[Short text fragments from websites]
━━━━━━━━━━━━━━━━━━━━━━━━━━━━━━

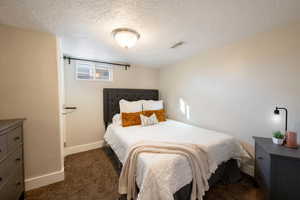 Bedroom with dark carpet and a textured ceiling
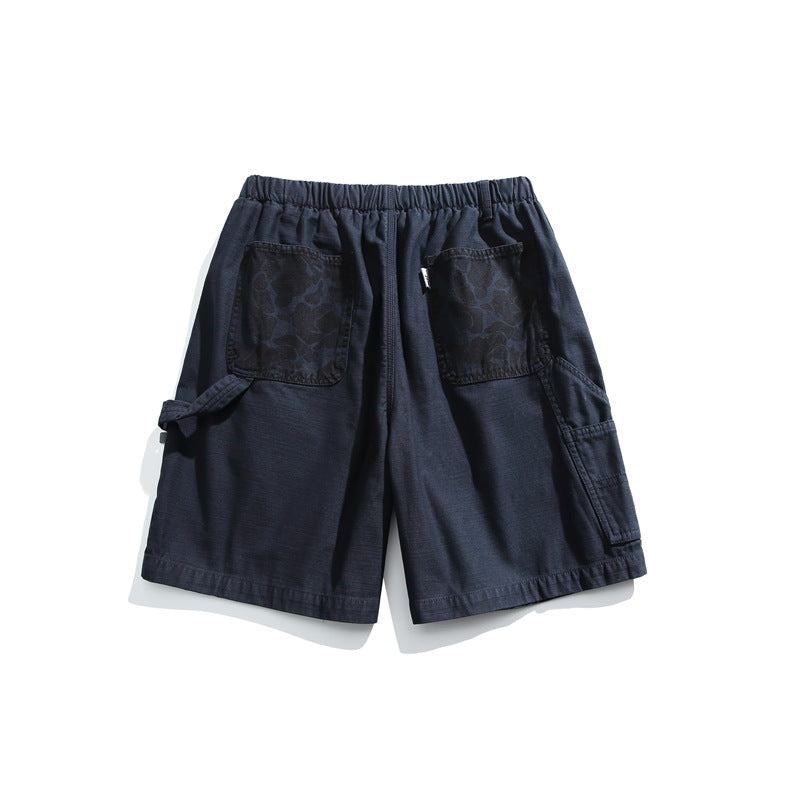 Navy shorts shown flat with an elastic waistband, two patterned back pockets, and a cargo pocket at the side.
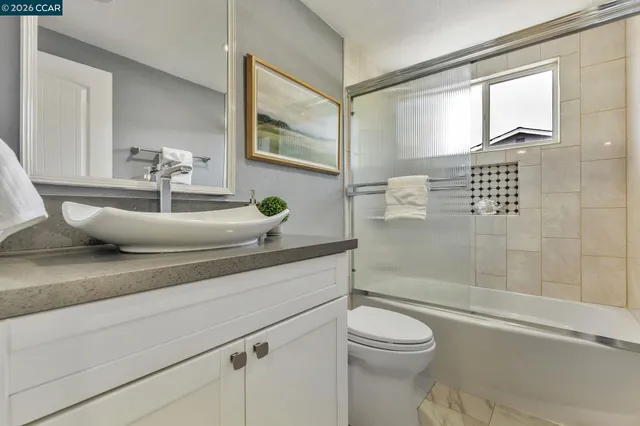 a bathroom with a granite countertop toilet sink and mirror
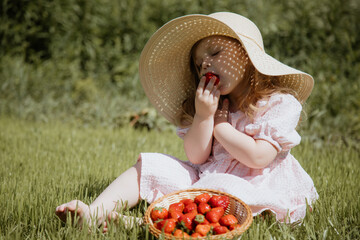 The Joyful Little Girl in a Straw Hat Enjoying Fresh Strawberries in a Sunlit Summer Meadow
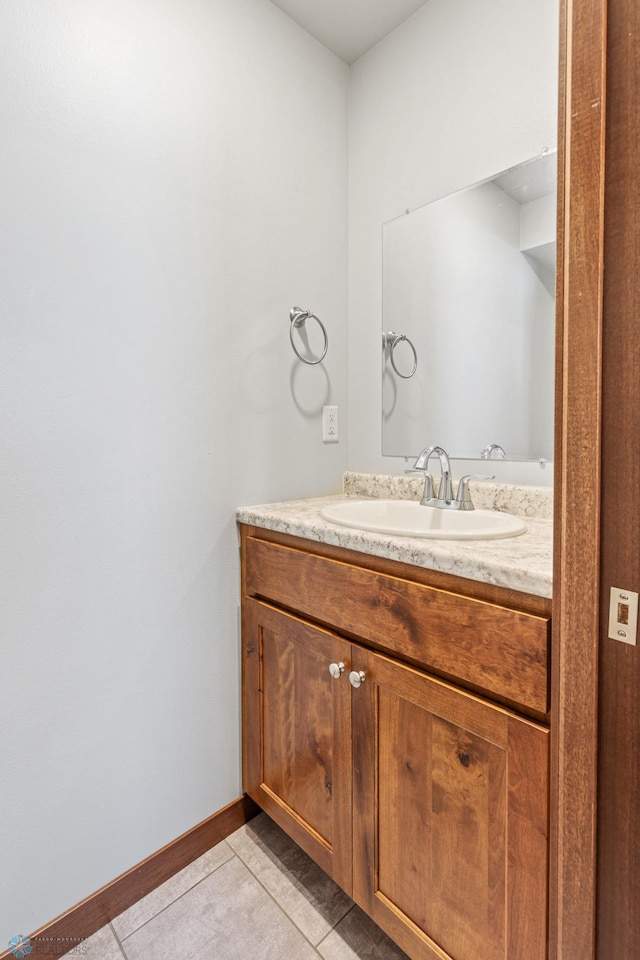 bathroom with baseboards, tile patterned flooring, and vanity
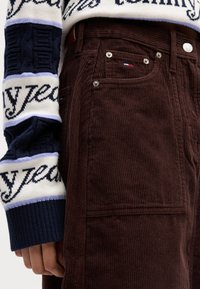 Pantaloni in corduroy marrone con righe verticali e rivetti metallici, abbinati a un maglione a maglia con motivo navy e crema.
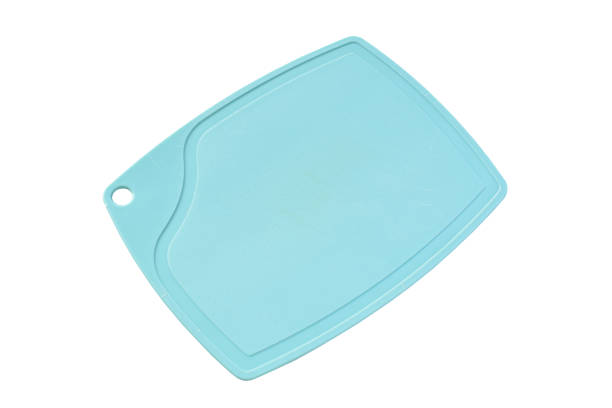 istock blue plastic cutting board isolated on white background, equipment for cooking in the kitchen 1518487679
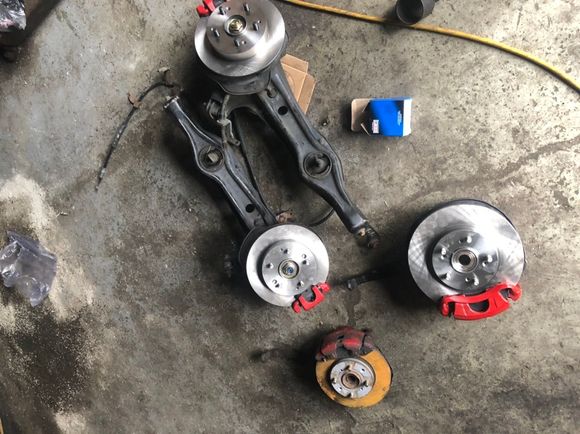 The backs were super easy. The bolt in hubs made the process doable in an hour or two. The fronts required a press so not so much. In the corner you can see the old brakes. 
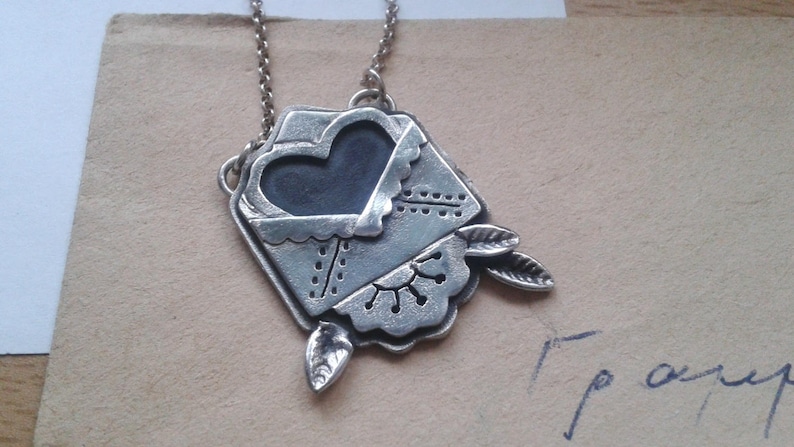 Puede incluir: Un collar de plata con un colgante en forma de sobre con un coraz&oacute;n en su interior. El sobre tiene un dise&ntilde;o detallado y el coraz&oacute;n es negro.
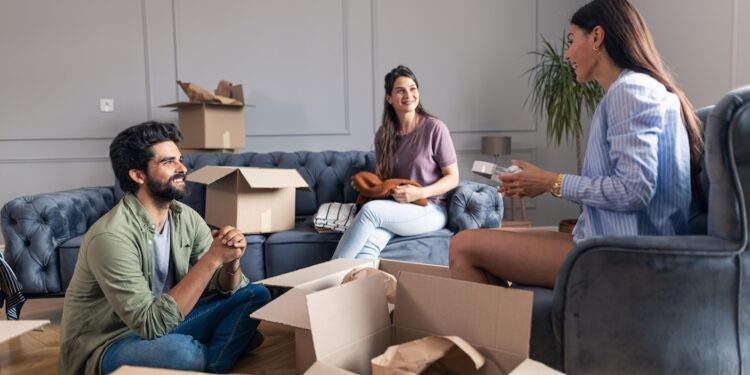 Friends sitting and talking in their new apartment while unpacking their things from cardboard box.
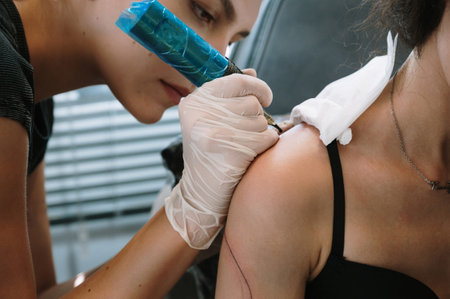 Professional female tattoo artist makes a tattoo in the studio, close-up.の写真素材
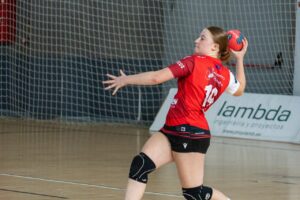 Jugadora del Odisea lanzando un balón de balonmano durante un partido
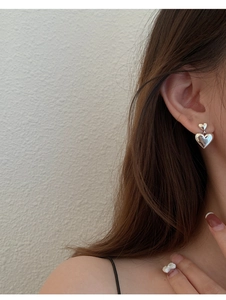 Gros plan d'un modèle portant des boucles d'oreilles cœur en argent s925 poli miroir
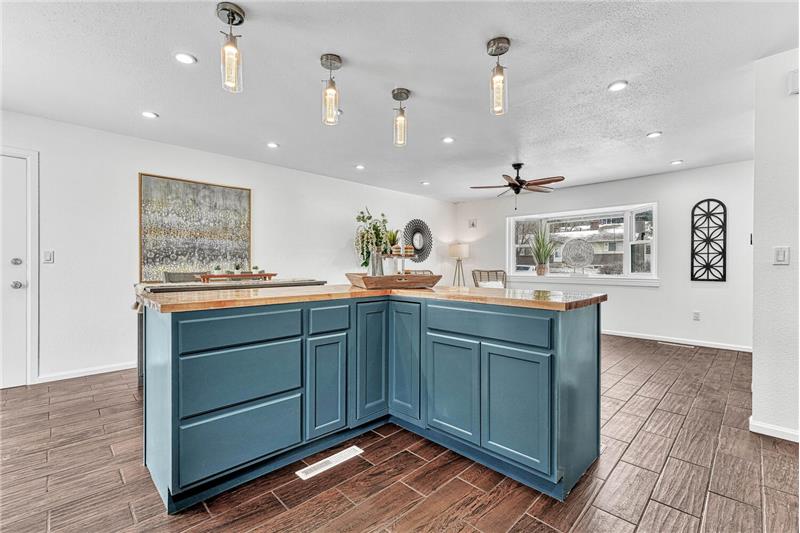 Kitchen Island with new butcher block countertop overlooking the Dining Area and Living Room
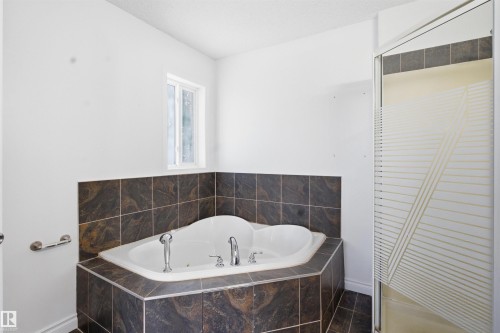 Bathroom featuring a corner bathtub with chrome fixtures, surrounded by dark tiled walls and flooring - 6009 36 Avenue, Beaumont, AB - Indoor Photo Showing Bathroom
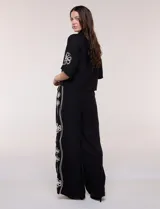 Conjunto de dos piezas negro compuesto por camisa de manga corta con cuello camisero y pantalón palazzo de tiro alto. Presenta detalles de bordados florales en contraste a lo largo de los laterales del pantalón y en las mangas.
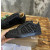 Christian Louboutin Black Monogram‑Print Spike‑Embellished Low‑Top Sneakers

━━━━━━━━━━━━━━━━━━━━━━━━━━━━━━

__Problem statement__. Could you output all of the records exactly, without their pictures?

__Result__.
 Bedroom with dark carpet and a textured ceiling
 Navy shorts shown flat with an elastic waistband, two patterned back pockets, and a cargo pocket at the side.
 a bathroom with a granite countertop toilet sink and mirror
 The Joyful Little Girl in a Straw Hat Enjoying Fresh Strawberries in a Sunlit Summer Meadow
 bathroom with baseboards, tile patterned flooring, and vanity
 Pantaloni in corduroy marrone con righe verticali e rivetti metallici, abbinati a un maglione a maglia con motivo navy e crema.
 istock blue plastic cutting board isolated on white background, equipment for cooking in the kitchen 1518487679
 The backs were super easy. The bolt in hubs made the process doable in an hour or two. The fronts required a press so not so much. In the corner you can see the old brakes. 
 Puede incluir: Un collar de plata con un colgante en forma de sobre con un coraz&oacute;n en su interior. El sobre tiene un dise&ntilde;o detallado y el coraz&oacute;n es negro.
 Friends sitting and talking in their new apartment while unpacking their things from cardboard box.
 Professional female tattoo artist makes a tattoo in the studio, close-up.の写真素材
 Jugadora del Odisea lanzando un balón de balonmano durante un partido
 Gros plan d'un modèle portant des boucles d'oreilles cœur en argent s925 poli miroir
 Kitchen Island with new butcher block countertop overlooking the Dining Area and Living Room
 Bathroom featuring a corner bathtub with chrome fixtures, surrounded by dark tiled walls and flooring - 6009 36 Avenue, Beaumont, AB - Indoor Photo Showing Bathroom
 Conjunto de dos piezas negro compuesto por camisa de manga corta con cuello camisero y pantalón palazzo de tiro alto. Presenta detalles de bordados florales en contraste a lo largo de los laterales del pantalón y en las mangas.
 Christian Louboutin Black Monogram‑Print Spike‑Embellished Low‑Top Sneakers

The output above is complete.